The gravitational force is given by:-

$F=mg$

or $=(0.1)10$

or $=1N$

Q4.3 (d) Give the magnitude and direction of the net force acting on a stone of mass 0.1 kg,

(d) lying on the floor of a train which is accelerating with 1 m s -2 , the stone being at rest relative to the train. Neglect air resistance throughout.

Answer:

As the stone is in contact with the train thus the acceleration of stone is the same as that of train i.e. 1 m/s ² .

Thus force acting on the stone is given by :

$F=ma$

or $=0.1\times 1=0.1N$

This force is acting in the horizontal direction.

Q4.4 One end of a string of length l is connected to a particle of mass m and the other to a small peg on a smooth horizontal table. If the particle moves in a circle with speed v the net force on the particle (directed towards the centre) is :

(i) $T$

(ii) $T-\frac{m{v}^2}{l}$

(iii) $T+\frac{m{v}^2}{l}$

(iv) 0

$T$ is the tension in the string. [Choose the correct alternative].

Answer:

When the particle is moving in a circular path, the centripetal force will be :

$F_c=\frac{m{v}^2}{r}$

This centripetal force will be balanced by the tension in the string.

So, the net force acting is :

$F=T=\frac{m{v}^2}{r}$

Q4.5 A constant retarding force of 50 N is applied to a body of mass 20 kg moving initially with a speed of $15m{s}^{-1}$ . How long does the body take to stop?

Answer:

We are given the retarding force.
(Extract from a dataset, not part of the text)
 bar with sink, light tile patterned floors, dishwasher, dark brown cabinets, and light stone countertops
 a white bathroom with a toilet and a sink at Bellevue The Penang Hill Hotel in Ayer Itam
So we can find the deacceleration this force is causing.

By Newton's second law of motion, we get :

$F=ma$

or $-50=(20)a$

or $a=\frac{50}{20}=-2.5m/s^2$

Now we will use the first equation of motion,

$v=u+at$

The final velocity, in this case, will be zero (Since the vehicle stops).

$0=15+(-2.5)t$

Thus $t=\frac{15}{2.5}=6s$

Thus the time taken to stop the vehicle is 6 sec.

Q4.6 A constant force acting on a body of mass 3.0 kg changes its speed from $2.0m{s}^{-1}$ to $3.5m{s}^{-1}$ in 25 s. The direction of the motion of the body remains unchanged. What is the magnitude and direction of the force?

Answer:

Since the velocity of the body is increased by applying the force. This is possible only when the force is applied in the direction of the motion.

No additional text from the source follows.